Kevin Murray,
Director of Youth Ministry

There is a little secret among Biblical scholars, church clergy, and Christian educators – the secret is the answer to the question: “Why do you do the things you do?”  Sing in your head that familiar song …. ‘”the Bible tells me so.”

I will never forget as a religion major in college during one of the lower-level classes, one student struggling with taking a critical approach to reading the Bible, the same way you might take a critical approach to a classic piece of literature.  He asked the professor: “How do you know the Gospels were just a gathering of second-hand stories about Jesus? I went to church every Sunday and never heard that before!”

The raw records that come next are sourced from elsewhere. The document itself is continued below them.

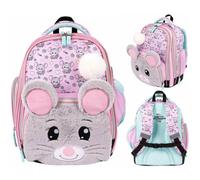 St. Majewski Leichter Schulranzen für Mädchen, stabiler Schulrucksack, Schulranzen, MOUSE-Tiermotiv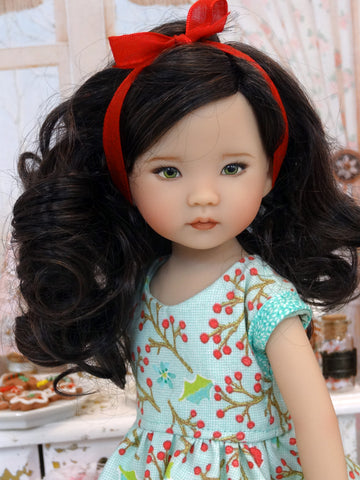 Noel - dress, tights & shoes for Little Darling Doll or 33cm BJD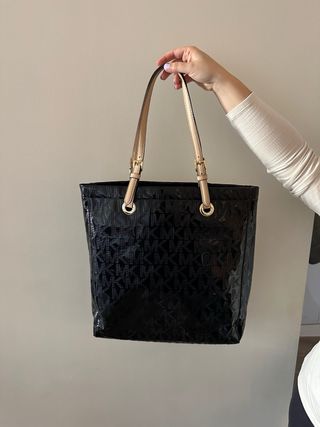 Michael Kors Jet Set Logo Tote Negro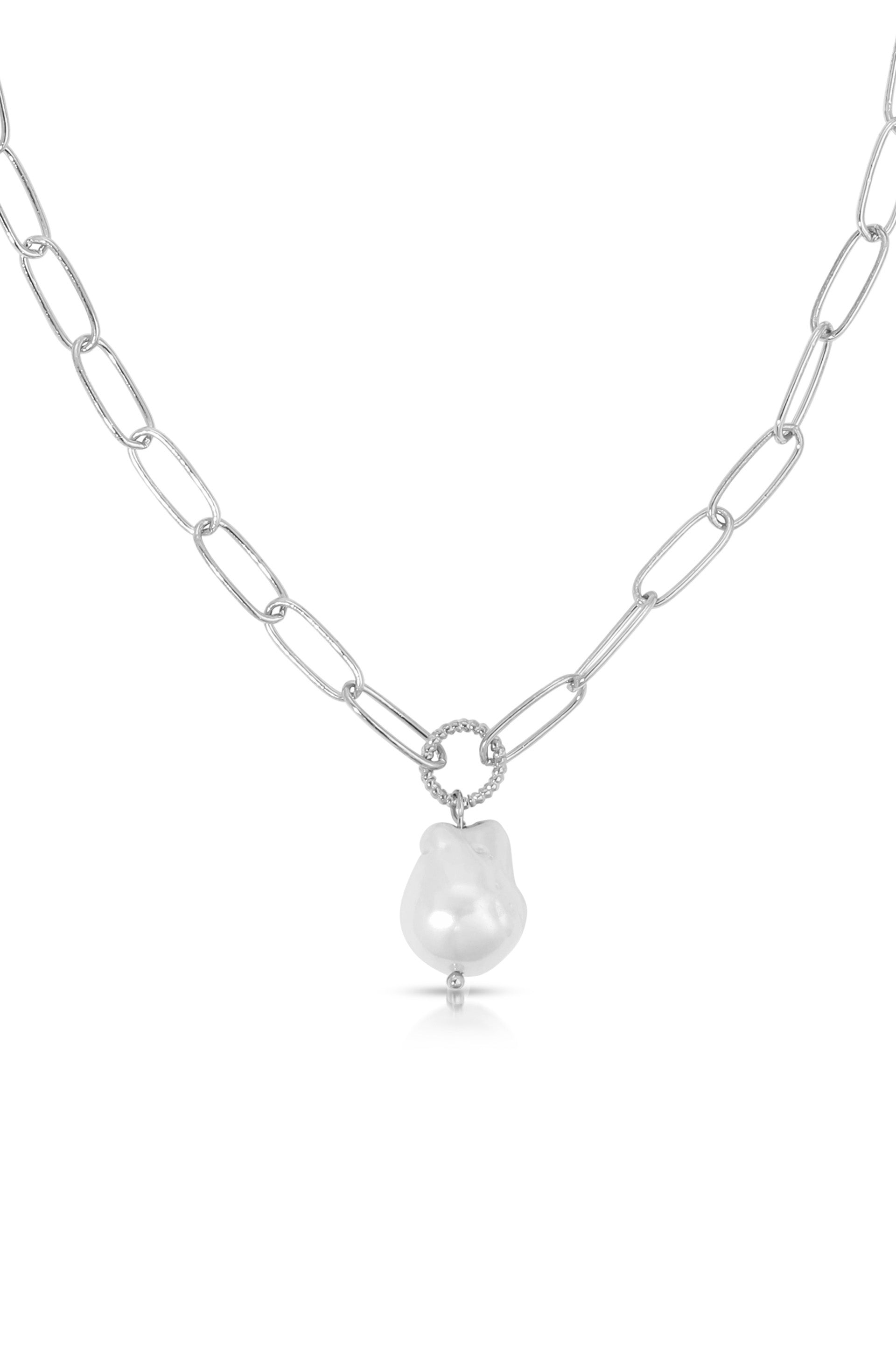 Single Pearl Chain Necklace Pearl with Silver Plating 2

To which the professor told him to please look up and read Luke 1:1-4. Sure enough the student, who had been to church every Sunday of his life, began reading Luke. If you do not remember exactly the first verses of Luke, the author literally spells out that he has gathered a bunch of second-hand stories and carefully put together a composite for someone else to read. So why do we approach the Gospels with a literary-critical lens assuming that these are a collection of second-hands stories?  Well … “the Bible tells me so.”

The same is true for our small group model in Spiritual Formation. Where did we get the idea that how we are supposed to act in Christian community is gather together in groups of at least two or three?  It so happens, in Matthew chapter 18, Jesus outlines for his listeners how to behave in a community of believers.  In verses 15-20 Jesus outlines how to act in a church setting, and how to hold each other accountable in such as setting.  He concludes with what probably sounds familiar in v.18-20:

Truly I tell you, whatever you bind on earth will be bound in heaven, and whatever you loose on earth will be loosed in heaven. Again, truly I tell you, if two of you agree on earth about anything you ask, it will be done for you by my Father in heaven. For where two or three are gathered in my name, I am there among them.

There it is, we did not even have to think too hard about it, Jesus literally tells us how to channel his spirit among us in the present day.  Small groups are about the work of Jesus because Jesus told us so.  Getting these small groups together and running programmatically is a little trickier to be sure, and that is where we need help.

We need mature, Christian adults who answer the call to the church and to Christ by providing leadership for our youth. Our youth need small group leaders, confirmation mentors, trip chaperones, and a team behind the scenes in the Youth Committee thinking about how to make all our programs happen.  We do this work because we believe this is what Jesus called us to do and we are being faithful with how Jesus wants us to do it. Please pray and consider that you are being called to be a leader for our youth, so that they may come to know Jesus and his calling in all our lives.